Download or read book On Thinking and the World written by Sandra M. Dingli and published by Taylor & Francis. This book was released on 2017-07-05 with total page 233 pages. Available in PDF, EPUB and Kindle. Book excerpt: John McDowell's Mind and World has, since its publication in 1994, become a seminal text, putting forward many new ideas on the manner in which concepts mediate the relation between minds and the world. Yet McDowell's ideas are not easy to comprehend.

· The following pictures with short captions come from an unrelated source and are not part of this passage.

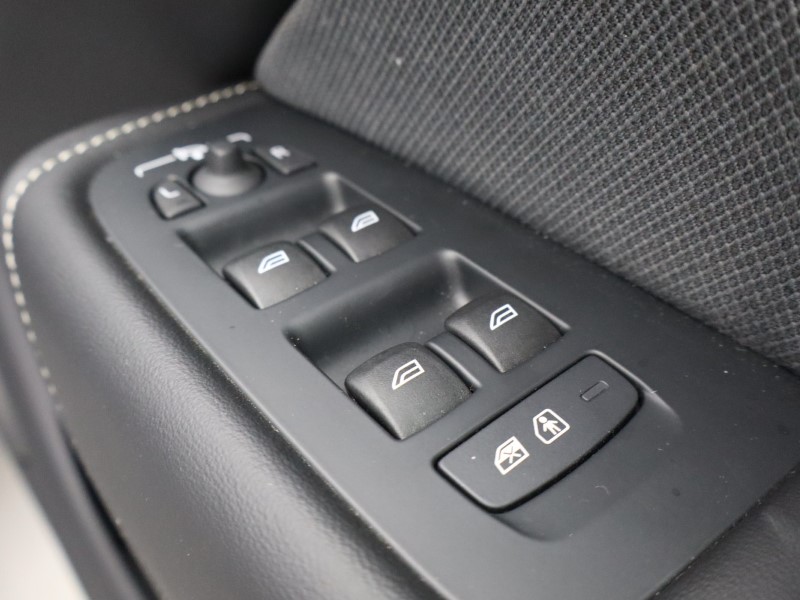 Used Volvo XC60 2025 for sale - 76981426: Photo 18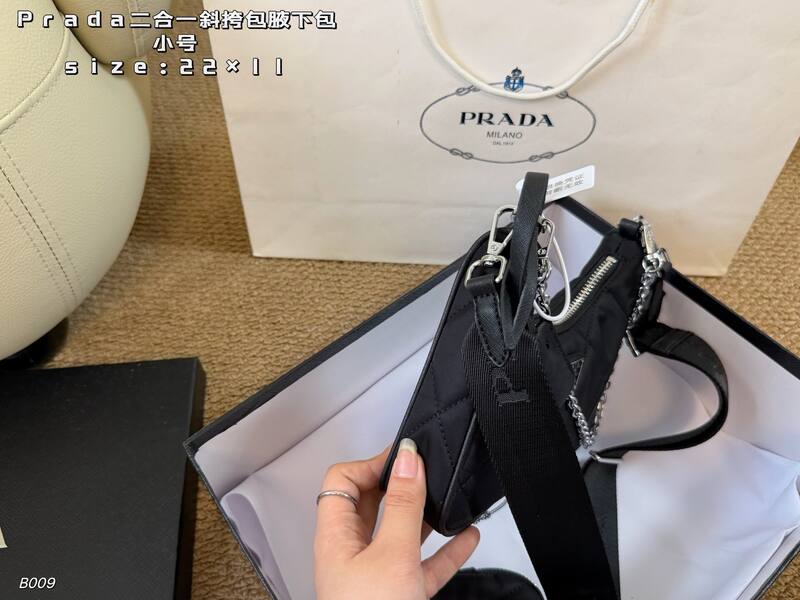 Prada Re-Edition 2005 Black Nylon Quilted small crossbody shoulder — Top Quality Replica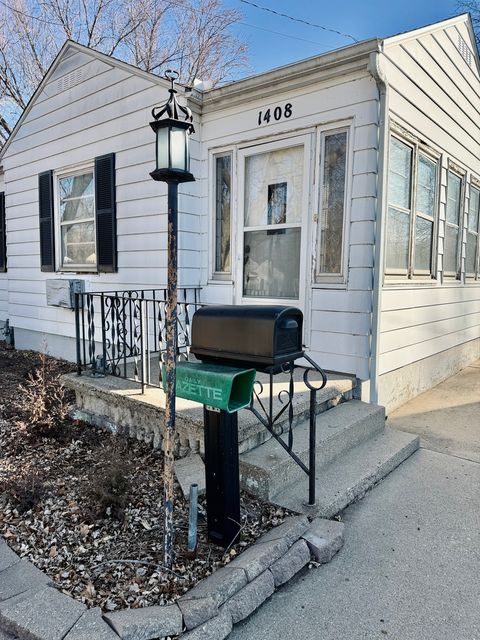 Tiny photo for 1408 16th Avenue, Sterling, IL 61081 (MLS # 12576912)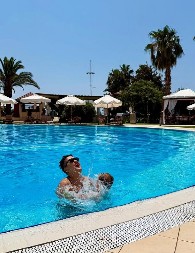 NIKO NE VERUJE DA JE SIN MARIJE ŠERIFOVIĆ OVOLIKO PORASTAO Pevačica prikazala kadrove sa naslednikom koji tope srca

In this book Sandra Dingli both elaborates and simplifies McDowell's ideas in order to give greater clarity to them and to assist in the understanding and appreciation of his work. Dingli selects five particular contemporary philosophical topics which McDowell deals with and investigates in detail the implications of particular points of view, analysing the current literature on each topic and drawing out shortcomings and possibilities for overcoming them. This work is, then, both a critique and complement to McDowell's text. McDowell's project is to dissolve a number of dualisms such as sensibility and understanding, conceptual and non conceptual content, scheme and content, and reason and nature. Dingli critically analyses each of these and claims that a proper understanding of the philosophical method of quietism is important for a correct understanding of this text, concluding that McDowell does not go far enough in his attempt to attain peace for philosophy as traditional dichotomies such as that of realism and anti-realism still appear to exert a grip on his thinking.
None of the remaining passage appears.